[Data excerpts]

^^^^^^^^^^^^^^^^

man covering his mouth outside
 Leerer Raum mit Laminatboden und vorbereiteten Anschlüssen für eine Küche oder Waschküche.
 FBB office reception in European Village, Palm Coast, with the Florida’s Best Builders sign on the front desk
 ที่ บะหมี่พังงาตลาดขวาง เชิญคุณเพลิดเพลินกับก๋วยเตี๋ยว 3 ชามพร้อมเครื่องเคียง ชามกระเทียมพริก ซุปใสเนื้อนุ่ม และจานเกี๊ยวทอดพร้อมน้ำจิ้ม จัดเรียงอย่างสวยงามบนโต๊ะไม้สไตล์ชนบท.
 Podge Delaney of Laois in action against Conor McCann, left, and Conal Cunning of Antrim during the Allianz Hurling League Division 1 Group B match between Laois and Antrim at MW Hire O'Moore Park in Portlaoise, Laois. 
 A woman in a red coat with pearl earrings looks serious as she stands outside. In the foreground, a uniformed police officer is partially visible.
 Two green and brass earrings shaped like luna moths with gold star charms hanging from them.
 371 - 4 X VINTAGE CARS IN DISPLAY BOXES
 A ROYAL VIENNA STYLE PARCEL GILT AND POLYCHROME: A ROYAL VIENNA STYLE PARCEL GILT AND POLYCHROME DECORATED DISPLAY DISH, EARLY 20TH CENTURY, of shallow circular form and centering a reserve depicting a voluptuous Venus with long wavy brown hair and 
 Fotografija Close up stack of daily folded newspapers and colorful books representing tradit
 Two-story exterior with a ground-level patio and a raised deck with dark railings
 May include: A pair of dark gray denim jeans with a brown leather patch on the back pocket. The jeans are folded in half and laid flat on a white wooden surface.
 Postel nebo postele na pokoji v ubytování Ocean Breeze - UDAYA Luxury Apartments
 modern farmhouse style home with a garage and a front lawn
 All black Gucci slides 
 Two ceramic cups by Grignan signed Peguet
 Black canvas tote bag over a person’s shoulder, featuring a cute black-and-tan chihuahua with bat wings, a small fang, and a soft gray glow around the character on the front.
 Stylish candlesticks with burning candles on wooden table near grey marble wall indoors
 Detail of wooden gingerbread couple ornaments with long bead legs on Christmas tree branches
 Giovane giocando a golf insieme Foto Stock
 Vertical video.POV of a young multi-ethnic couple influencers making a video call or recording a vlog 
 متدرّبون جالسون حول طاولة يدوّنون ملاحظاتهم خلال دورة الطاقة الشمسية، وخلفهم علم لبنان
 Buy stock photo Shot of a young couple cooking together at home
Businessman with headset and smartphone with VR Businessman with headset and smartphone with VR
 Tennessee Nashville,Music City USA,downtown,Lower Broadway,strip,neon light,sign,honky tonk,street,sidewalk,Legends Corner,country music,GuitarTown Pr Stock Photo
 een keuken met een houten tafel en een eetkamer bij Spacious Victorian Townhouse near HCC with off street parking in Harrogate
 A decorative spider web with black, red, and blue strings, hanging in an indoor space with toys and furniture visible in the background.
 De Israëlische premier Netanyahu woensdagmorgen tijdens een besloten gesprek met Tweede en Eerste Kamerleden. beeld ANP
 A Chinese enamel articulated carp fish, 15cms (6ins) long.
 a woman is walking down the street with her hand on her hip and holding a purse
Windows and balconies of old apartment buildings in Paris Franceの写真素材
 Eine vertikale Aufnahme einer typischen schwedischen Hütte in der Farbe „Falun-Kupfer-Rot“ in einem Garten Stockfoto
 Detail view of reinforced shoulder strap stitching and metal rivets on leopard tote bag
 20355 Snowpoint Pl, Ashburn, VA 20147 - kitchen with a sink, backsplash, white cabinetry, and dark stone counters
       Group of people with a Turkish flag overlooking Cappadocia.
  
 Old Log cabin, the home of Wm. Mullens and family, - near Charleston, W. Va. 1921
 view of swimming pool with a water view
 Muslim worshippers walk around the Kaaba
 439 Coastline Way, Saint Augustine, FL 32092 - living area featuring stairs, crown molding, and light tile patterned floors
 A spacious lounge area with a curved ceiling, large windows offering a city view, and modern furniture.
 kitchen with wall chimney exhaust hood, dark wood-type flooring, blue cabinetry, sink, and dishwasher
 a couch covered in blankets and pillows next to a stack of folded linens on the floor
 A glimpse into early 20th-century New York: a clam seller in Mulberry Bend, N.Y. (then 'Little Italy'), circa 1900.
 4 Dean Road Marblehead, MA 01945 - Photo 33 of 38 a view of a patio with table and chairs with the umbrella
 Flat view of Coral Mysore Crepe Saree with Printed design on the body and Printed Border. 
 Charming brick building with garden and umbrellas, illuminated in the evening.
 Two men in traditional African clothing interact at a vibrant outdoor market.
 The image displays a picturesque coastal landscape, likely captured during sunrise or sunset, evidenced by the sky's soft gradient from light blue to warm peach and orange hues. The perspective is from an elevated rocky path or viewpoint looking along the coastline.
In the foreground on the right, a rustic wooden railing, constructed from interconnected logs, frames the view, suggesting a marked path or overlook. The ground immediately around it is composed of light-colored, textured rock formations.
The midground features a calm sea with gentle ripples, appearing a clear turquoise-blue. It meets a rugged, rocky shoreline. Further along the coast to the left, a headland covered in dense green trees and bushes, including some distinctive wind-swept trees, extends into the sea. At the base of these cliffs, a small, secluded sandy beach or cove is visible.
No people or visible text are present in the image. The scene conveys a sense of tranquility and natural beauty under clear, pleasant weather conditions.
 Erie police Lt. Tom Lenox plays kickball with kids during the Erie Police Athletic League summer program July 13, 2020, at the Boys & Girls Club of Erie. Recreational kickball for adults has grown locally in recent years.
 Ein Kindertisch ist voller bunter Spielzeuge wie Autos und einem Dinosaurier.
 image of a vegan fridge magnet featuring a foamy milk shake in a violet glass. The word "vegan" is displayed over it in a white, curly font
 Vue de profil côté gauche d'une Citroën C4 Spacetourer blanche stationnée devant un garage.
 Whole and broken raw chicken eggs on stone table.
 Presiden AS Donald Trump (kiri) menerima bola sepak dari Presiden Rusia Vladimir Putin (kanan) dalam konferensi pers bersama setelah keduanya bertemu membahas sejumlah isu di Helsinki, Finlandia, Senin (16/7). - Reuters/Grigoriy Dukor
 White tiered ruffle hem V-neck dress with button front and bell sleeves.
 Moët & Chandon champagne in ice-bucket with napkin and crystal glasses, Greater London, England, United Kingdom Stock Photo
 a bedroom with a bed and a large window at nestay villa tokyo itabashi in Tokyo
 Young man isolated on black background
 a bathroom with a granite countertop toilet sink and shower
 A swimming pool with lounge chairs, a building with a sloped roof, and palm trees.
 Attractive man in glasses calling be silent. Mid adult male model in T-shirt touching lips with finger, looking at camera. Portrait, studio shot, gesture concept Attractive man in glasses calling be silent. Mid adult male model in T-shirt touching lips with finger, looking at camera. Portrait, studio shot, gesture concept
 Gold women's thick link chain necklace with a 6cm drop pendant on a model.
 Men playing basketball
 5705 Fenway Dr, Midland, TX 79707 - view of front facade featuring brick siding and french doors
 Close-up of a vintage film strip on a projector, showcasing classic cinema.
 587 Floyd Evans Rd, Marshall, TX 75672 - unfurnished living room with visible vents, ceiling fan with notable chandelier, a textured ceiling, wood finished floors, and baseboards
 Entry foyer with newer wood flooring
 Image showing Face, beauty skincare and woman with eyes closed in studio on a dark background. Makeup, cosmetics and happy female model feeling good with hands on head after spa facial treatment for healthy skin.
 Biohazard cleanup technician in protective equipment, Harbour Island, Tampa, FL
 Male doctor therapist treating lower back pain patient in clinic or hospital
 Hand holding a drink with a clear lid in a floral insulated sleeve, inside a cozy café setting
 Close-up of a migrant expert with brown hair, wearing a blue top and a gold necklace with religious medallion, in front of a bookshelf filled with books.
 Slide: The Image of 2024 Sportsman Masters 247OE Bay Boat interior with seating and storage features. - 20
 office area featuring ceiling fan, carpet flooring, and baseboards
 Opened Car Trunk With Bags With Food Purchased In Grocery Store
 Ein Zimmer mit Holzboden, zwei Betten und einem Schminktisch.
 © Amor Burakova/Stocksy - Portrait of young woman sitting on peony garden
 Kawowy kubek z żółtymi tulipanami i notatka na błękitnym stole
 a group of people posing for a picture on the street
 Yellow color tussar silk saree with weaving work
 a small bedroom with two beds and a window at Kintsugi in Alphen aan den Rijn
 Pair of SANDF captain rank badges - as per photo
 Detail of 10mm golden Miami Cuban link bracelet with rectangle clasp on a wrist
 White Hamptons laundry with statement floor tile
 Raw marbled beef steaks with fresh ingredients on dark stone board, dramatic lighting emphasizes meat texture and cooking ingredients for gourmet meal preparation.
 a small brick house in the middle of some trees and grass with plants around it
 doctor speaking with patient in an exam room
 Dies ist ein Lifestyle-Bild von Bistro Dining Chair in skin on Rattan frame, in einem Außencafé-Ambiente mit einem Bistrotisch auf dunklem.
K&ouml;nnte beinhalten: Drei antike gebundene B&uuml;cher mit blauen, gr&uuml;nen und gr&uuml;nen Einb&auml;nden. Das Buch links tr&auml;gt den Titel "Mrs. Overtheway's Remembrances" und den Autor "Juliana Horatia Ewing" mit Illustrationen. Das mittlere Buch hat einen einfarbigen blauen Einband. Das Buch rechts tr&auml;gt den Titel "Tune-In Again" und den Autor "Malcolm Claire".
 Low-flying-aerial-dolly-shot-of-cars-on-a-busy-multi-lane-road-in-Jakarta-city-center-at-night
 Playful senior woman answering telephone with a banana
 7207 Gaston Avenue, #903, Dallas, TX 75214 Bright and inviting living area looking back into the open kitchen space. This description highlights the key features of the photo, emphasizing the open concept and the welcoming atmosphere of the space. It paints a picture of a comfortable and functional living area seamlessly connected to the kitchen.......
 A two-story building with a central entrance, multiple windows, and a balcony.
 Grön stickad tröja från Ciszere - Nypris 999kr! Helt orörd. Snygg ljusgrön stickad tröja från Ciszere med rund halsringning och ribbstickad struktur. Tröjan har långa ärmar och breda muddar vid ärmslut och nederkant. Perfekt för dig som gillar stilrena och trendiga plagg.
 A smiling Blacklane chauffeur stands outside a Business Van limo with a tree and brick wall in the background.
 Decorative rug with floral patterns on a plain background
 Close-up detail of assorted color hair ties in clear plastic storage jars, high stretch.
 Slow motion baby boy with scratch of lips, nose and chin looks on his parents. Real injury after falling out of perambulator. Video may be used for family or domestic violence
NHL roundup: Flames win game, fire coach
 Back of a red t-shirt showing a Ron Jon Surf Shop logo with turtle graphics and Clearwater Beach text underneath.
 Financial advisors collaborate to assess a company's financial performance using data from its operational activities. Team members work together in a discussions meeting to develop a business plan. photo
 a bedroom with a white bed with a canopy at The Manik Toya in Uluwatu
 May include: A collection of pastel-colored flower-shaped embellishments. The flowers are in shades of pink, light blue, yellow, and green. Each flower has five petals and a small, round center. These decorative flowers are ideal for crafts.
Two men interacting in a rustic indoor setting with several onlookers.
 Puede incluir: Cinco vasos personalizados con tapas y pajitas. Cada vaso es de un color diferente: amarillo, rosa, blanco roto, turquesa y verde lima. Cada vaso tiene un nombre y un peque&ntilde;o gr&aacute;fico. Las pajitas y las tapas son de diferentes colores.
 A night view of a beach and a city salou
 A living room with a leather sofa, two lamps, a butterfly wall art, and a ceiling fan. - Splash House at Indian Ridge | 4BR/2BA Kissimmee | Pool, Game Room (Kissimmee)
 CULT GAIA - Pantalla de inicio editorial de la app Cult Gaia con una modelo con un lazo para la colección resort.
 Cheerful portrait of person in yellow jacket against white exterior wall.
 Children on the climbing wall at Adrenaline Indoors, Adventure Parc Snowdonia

^^^^^^^^^^^^^^^^

WORK REQUIRED:
Using only the entries above, output the line with "A spacious lounge", the line with "Two men in traditional", and all lines between them, exactly as they stand.

EXERCISE SOLUTION:
 A spacious lounge area with a curved ceiling, large windows offering a city view, and modern furniture.
 kitchen with wall chimney exhaust hood, dark wood-type flooring, blue cabinetry, sink, and dishwasher
 a couch covered in blankets and pillows next to a stack of folded linens on the floor
 A glimpse into early 20th-century New York: a clam seller in Mulberry Bend, N.Y. (then 'Little Italy'), circa 1900.
 4 Dean Road Marblehead, MA 01945 - Photo 33 of 38 a view of a patio with table and chairs with the umbrella
 Flat view of Coral Mysore Crepe Saree with Printed design on the body and Printed Border. 
 Charming brick building with garden and umbrellas, illuminated in the evening.
 Two men in traditional African clothing interact at a vibrant outdoor market.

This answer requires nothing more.